• [Exercise details]: Retype the lines below exactly, from the one that contains "1971 Oil on" through the last, and leave every picture out.
—————
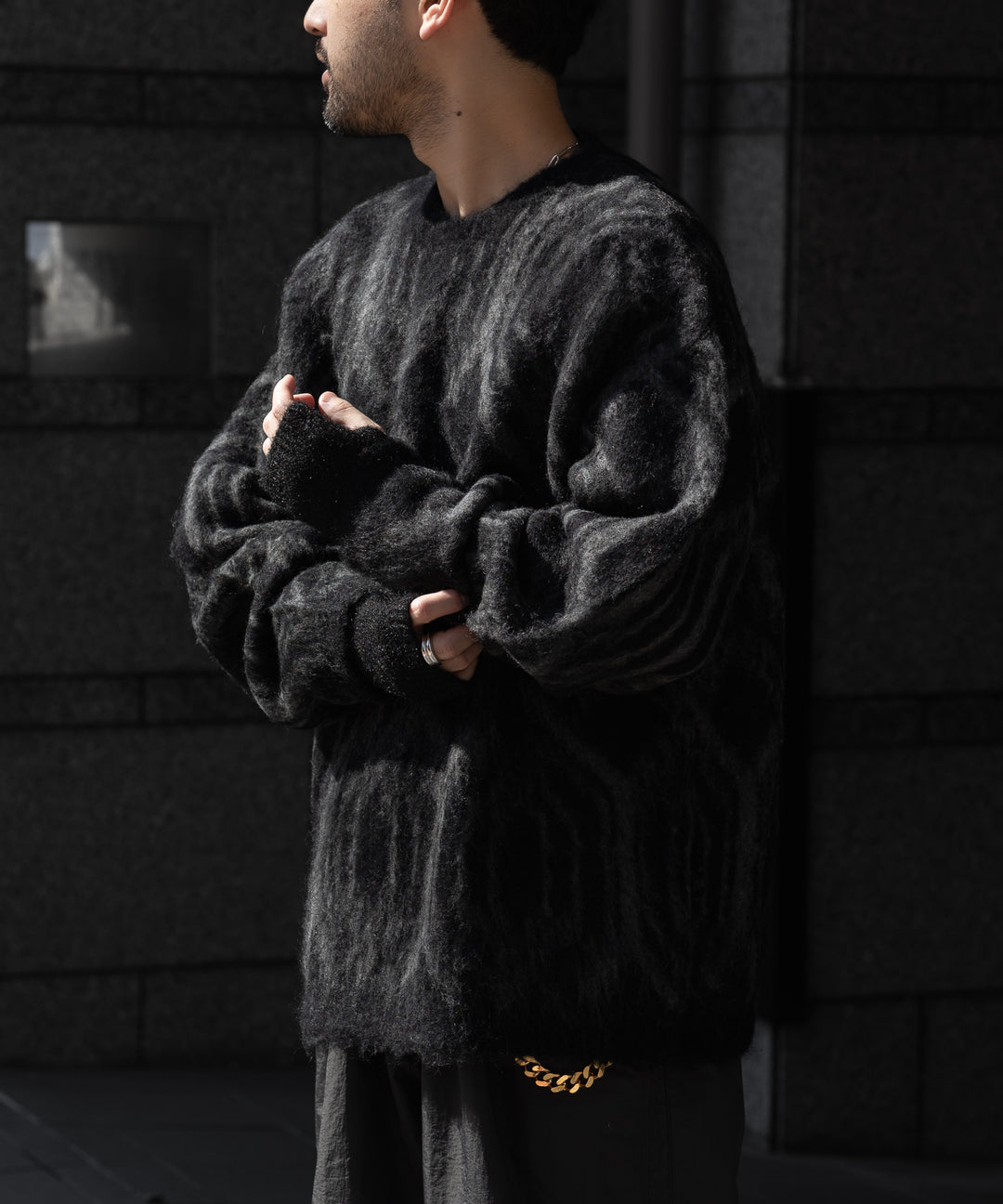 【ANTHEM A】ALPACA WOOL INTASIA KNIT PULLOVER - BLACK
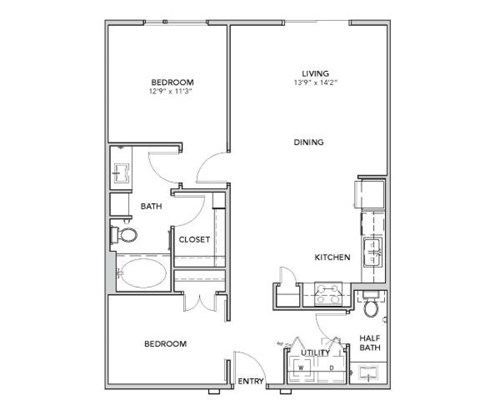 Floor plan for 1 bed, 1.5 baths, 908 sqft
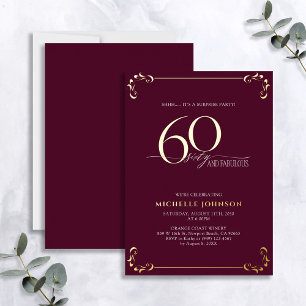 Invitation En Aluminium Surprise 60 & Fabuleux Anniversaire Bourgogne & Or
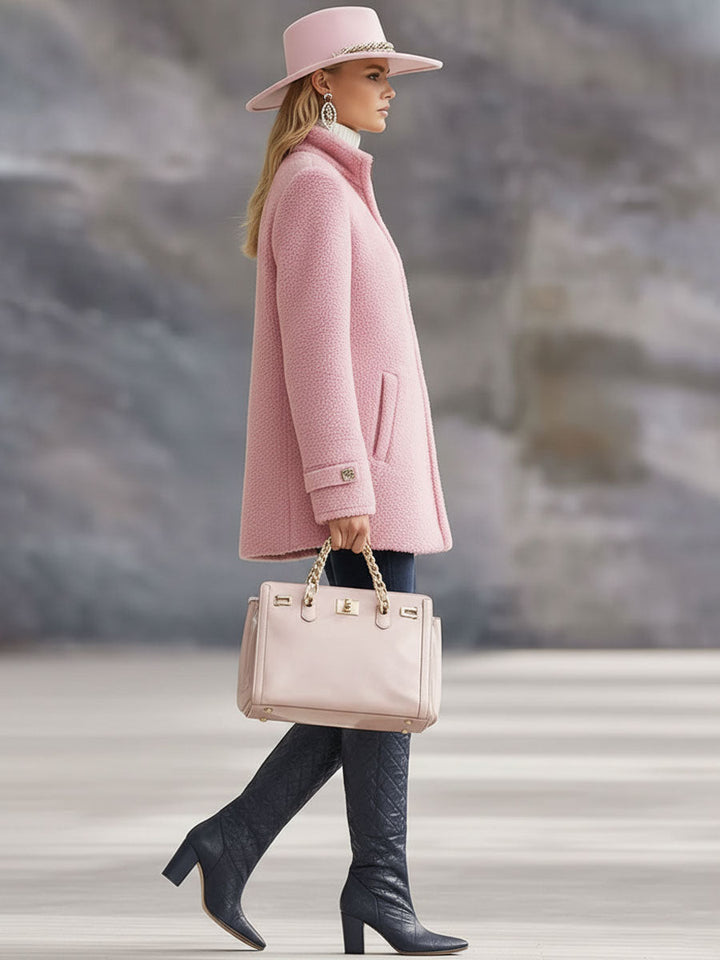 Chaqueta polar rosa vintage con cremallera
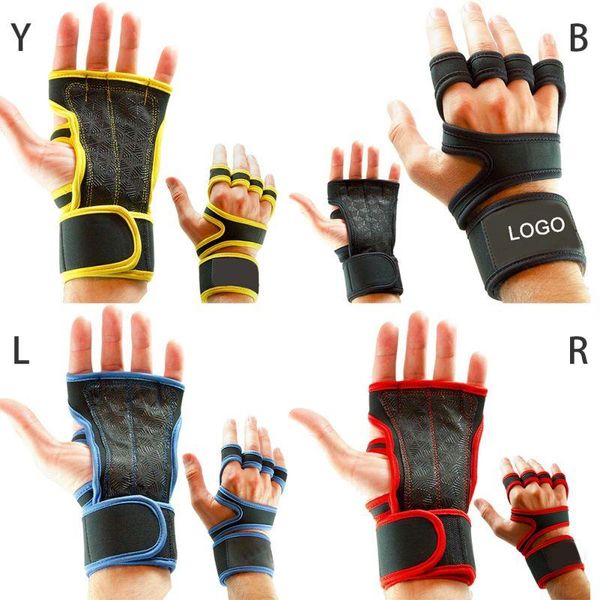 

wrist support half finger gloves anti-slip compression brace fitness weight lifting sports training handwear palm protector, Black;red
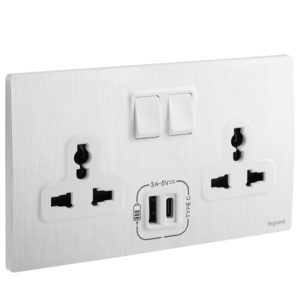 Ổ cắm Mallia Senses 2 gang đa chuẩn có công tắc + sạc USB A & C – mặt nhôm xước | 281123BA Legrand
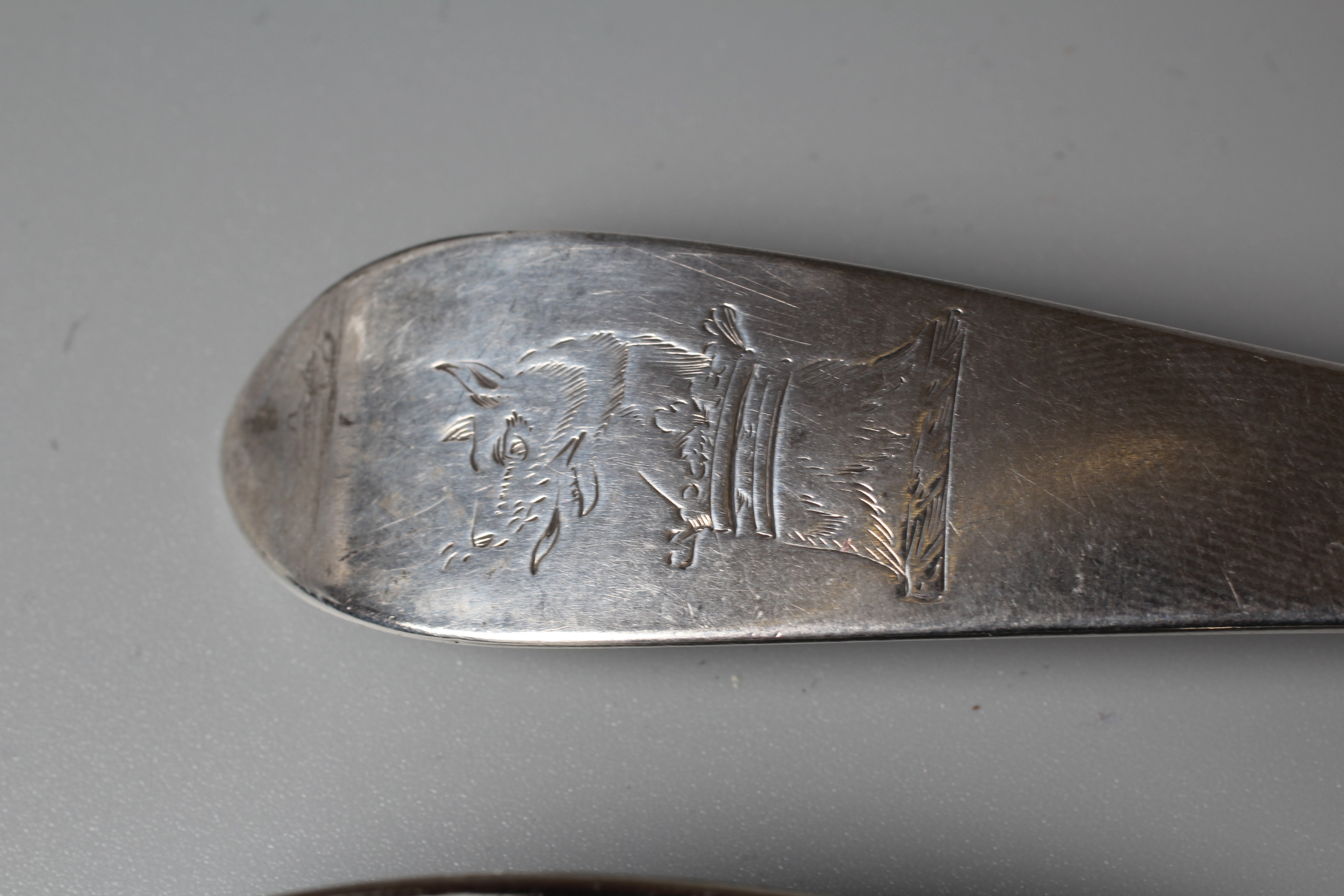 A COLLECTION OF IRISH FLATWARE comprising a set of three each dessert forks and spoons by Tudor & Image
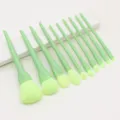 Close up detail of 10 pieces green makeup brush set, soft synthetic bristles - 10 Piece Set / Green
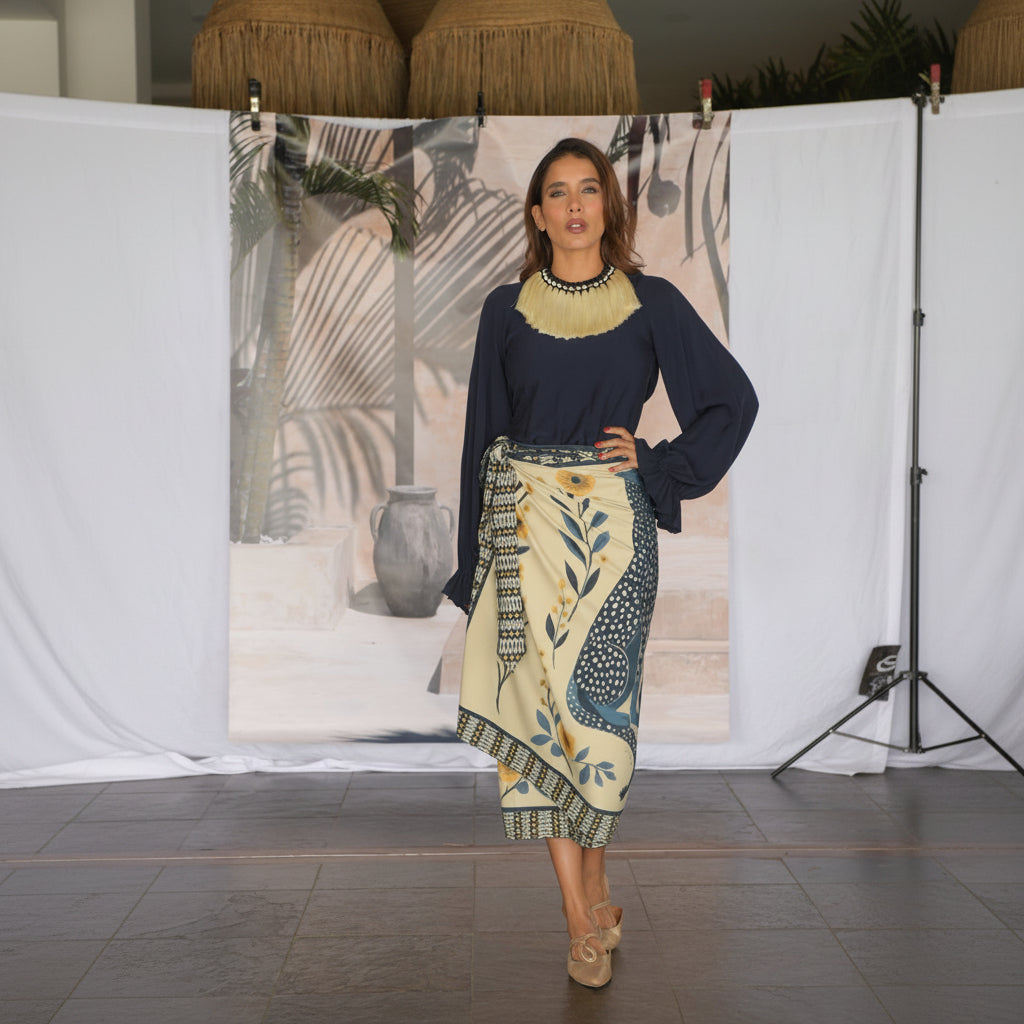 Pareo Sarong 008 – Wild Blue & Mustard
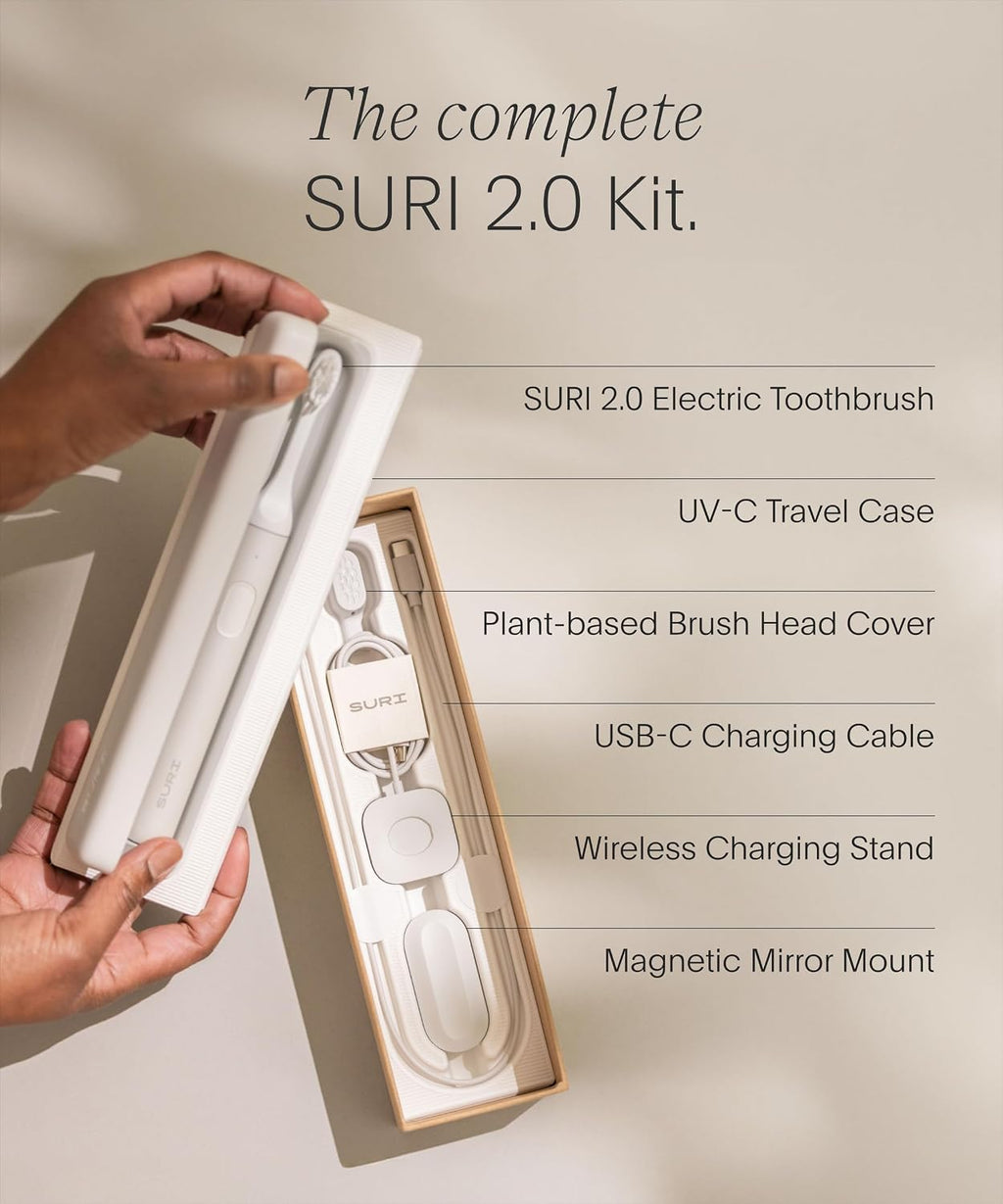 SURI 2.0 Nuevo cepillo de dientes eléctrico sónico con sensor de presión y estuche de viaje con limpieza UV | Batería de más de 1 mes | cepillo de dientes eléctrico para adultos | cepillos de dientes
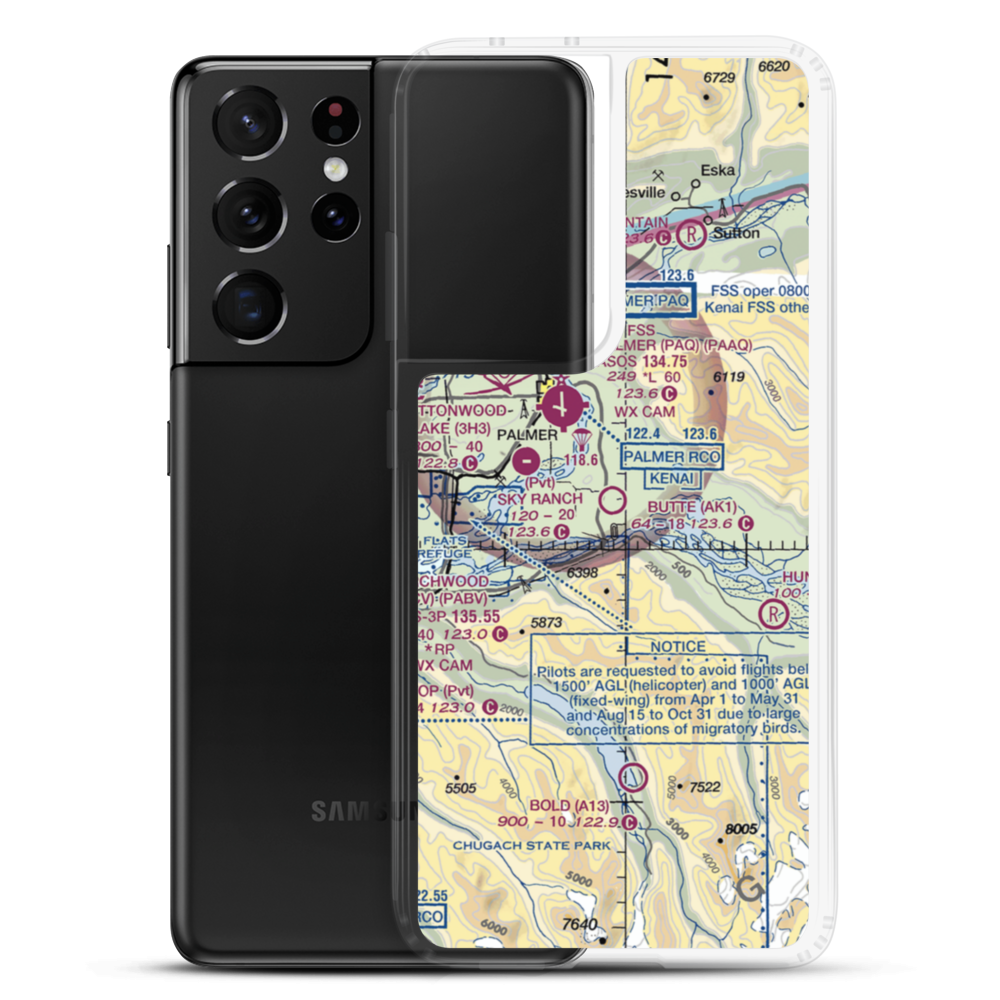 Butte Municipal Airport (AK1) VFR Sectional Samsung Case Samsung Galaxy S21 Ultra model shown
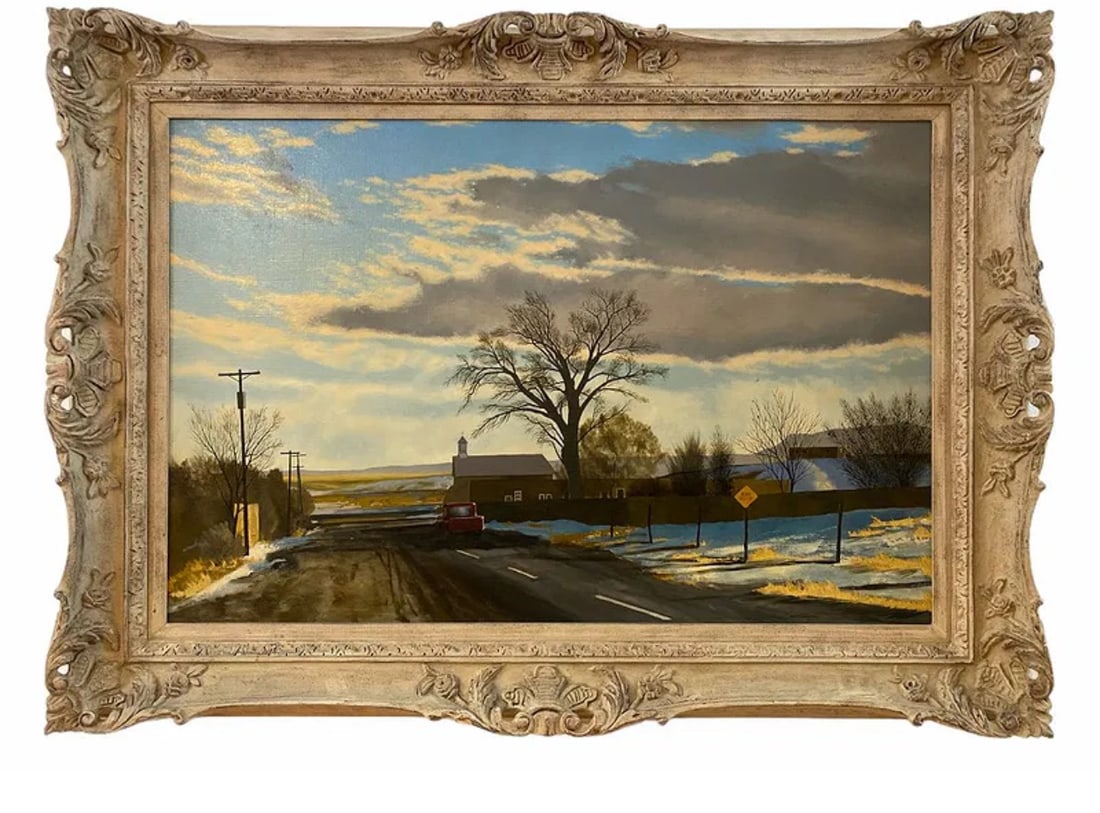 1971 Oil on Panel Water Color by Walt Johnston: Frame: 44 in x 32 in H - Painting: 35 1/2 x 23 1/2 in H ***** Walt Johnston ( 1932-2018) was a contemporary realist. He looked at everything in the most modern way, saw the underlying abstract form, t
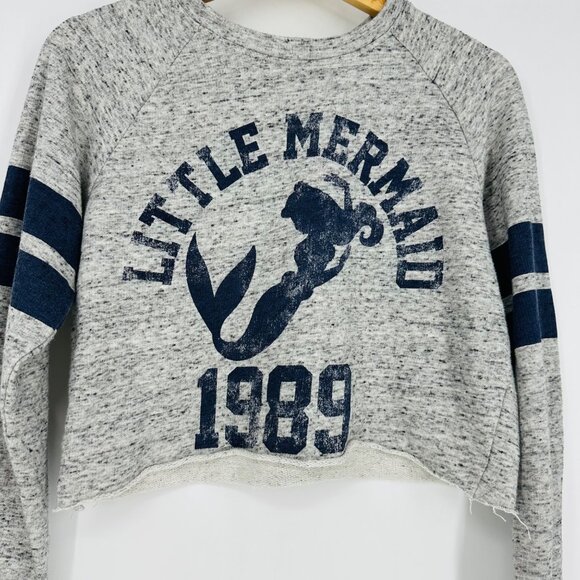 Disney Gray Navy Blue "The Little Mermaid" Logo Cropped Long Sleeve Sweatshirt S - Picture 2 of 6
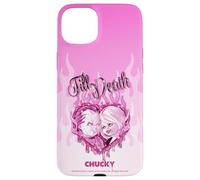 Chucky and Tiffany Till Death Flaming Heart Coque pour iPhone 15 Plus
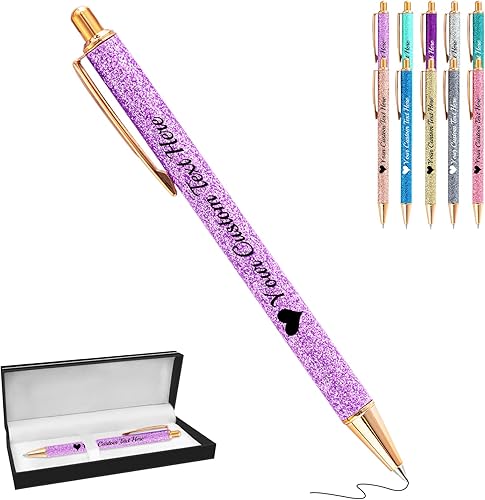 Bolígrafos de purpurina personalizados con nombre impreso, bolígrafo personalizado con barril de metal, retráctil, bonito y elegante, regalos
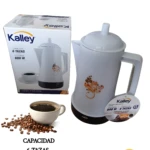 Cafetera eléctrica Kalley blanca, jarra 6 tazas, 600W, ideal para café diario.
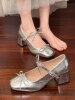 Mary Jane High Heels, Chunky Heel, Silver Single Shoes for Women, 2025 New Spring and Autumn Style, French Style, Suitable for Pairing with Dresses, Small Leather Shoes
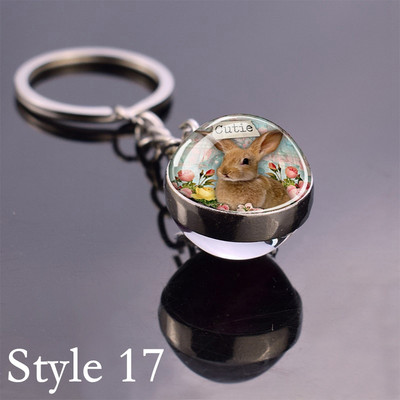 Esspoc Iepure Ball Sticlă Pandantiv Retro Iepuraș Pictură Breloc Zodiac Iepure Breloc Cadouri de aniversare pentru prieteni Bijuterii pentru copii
—————
• [Answer space]:
 1971 Oil on Panel Water Color by Walt Johnston: Frame: 44 in x 32 in H - Painting: 35 1/2 x 23 1/2 in H ***** Walt Johnston ( 1932-2018) was a contemporary realist. He looked at everything in the most modern way, saw the underlying abstract form, t
 Disney Gray Navy Blue "The Little Mermaid" Logo Cropped Long Sleeve Sweatshirt S - Picture 2 of 6
 Chucky and Tiffany Till Death Flaming Heart Coque pour iPhone 15 Plus
 Bolígrafos de purpurina personalizados con nombre impreso, bolígrafo personalizado con barril de metal, retráctil, bonito y elegante, regalos
 Cafetera eléctrica Kalley blanca, jarra 6 tazas, 600W, ideal para café diario.
 Mary Jane High Heels, Chunky Heel, Silver Single Shoes for Women, 2025 New Spring and Autumn Style, French Style, Suitable for Pairing with Dresses, Small Leather Shoes
 Esspoc Iepure Ball Sticlă Pandantiv Retro Iepuraș Pictură Breloc Zodiac Iepure Breloc Cadouri de aniversare pentru prieteni Bijuterii pentru copii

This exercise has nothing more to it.